Blue-edged blades whipped about, ahead of the goddess herself, they shattered when they touched Torgrimm's bone plate armor, and Shidarva cried out in pain.

“What?” she hissed.

“I am the Sower and the Reaper, and my course is completely right and good and just. When those conditions are met—”

“No one may oppose you,” she completed. “You are correct. I apologize. What fine . . . what amercement do you suggest?”

“As a former champion, Wylant was to be free of his influence. He has controlled her three times I know about in the last decade alone and has admitted to more.”

“She was going to kill herself,” Dienox objected.

“As would have been her right,” Torgrimm sighed. “Though had you never interfered with her at all, I doubt she would have found herself with such feelings of guilt and loss and hopelessness.”

“I gave her glory!”

“No.” Torgrimm seemed to grow larger, even as his shoulders turned in and his head drooped down. “She gave you victory. You gave her nothing but blonde hair and a runny nose in exchange.”

“What do you want from me?” Dienox growled. “To set her free and slay her captors, to—”

“I revere mortals, foolish god. I want no such thing—”

“Leave her alone,” Aldo coughed. “He wants you to withdraw your . . . ahem . . . blessings . . . all of them . . . and then to leave her alone forever.” He took out one of his eyes, rubbed it on his robes, and popped it back in. “Right?”

“That is what you want?” Shidarva asked.

“It is all I ever want,” Torgrimm said, holding up his palms, “for all mortals to live their lives as they choose to live them, to do their best, and that when we do help them, it is because they ask and even then . . . sparingly.”

“Done,” Dienox pouted. He held out his hand, and a sliver of divine essence slid free of Wylant's soul. The only outward signs were a subtle darkening of her eyebrows and easing of her breath.

“Thank you.” Torgrimm faded from the Shadow Road, reappearing where the web of destiny, as clear to him as the day he was forged, shone around him. Human souls flared briefly within the weblike strands, bright but fleeting. The souls of the Dwarves burned with less intensity, a steady flame, rarely changing, slow to start and slow to blink out.

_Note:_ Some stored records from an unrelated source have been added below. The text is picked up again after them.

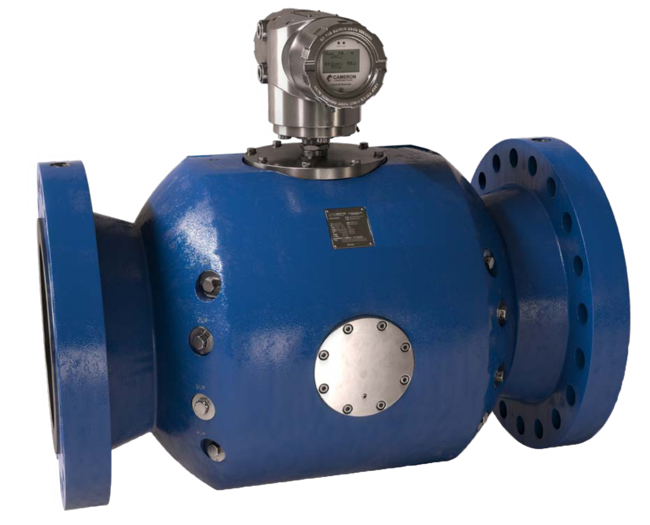 Cameron CALDON LEFM Ultrasonic Flow Meter, 240Ci Series.png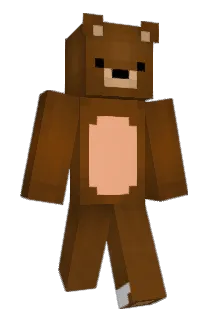 MrSpirus Minecraft avatar full body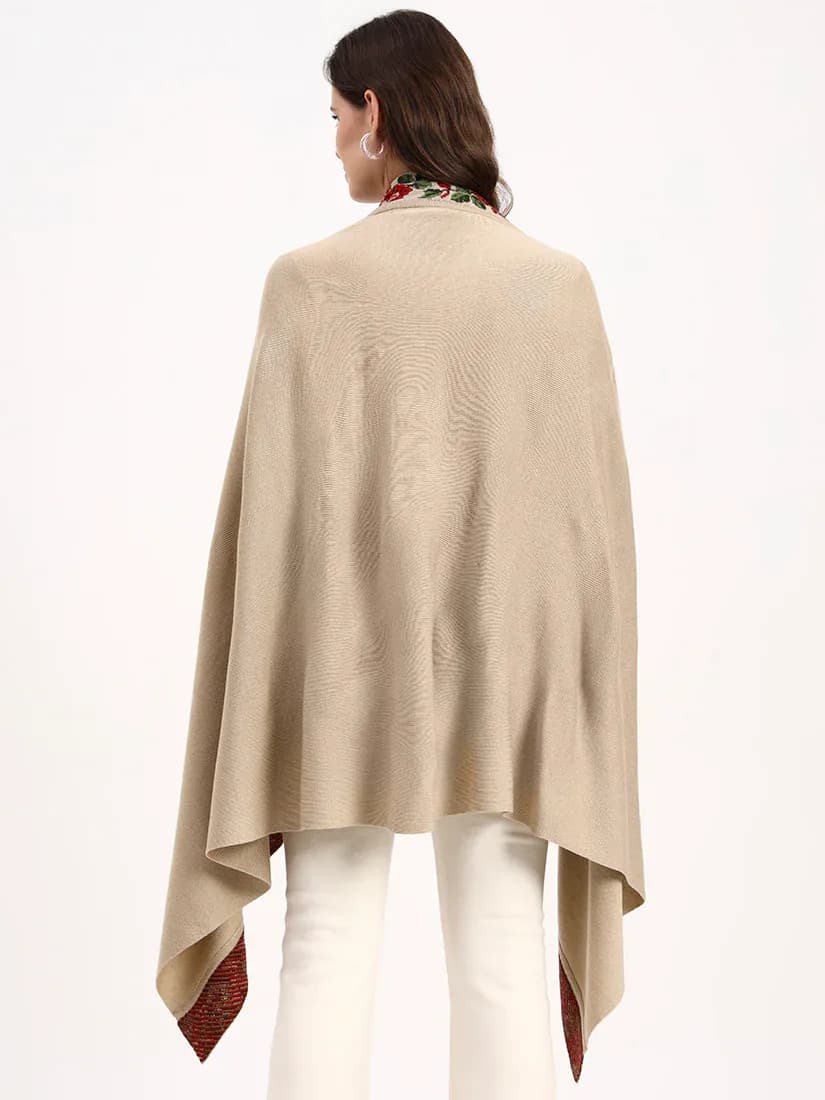 Woodland Bloom Stole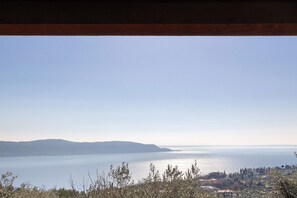 Vista desde la propiedad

More dazzling were the souls of the elves, burning erratically—in one instant scarcely an ember, a raging inferno the next—but ceaselessly. Wisps of webbing blew free at the corners.

In the center yawned one ragged tear, chasm-like. Souls poured into it and vanished, others flared into existence where they were destined to arrive, then sparked out in the absence of the strands that should have sustained them. Torgrimm sent his essence out along that part of the web like a spider, mending it as best he could, catching the fading souls and storing them in caches of cocoon-like divinity until he could find a place to slip them back in, find them a place where their presence would not disrupt the flow of birth and death.

“Once,” Torgrimm bemoaned, “all of us worked together and the web was always whole.” Now, most of his fellow gods appeared only at the periphery of the web, striking blindly, spewing webbing without care, heedless of the pattern they could no longer perceive.

There was only one other presence which moved with intent across the web, a presence Torgrimm knew well. It cut strands that should have been preserved, working to widen the holes. Torgrimm peered across the web at Kilke, god of secrets and shadow, and snarled.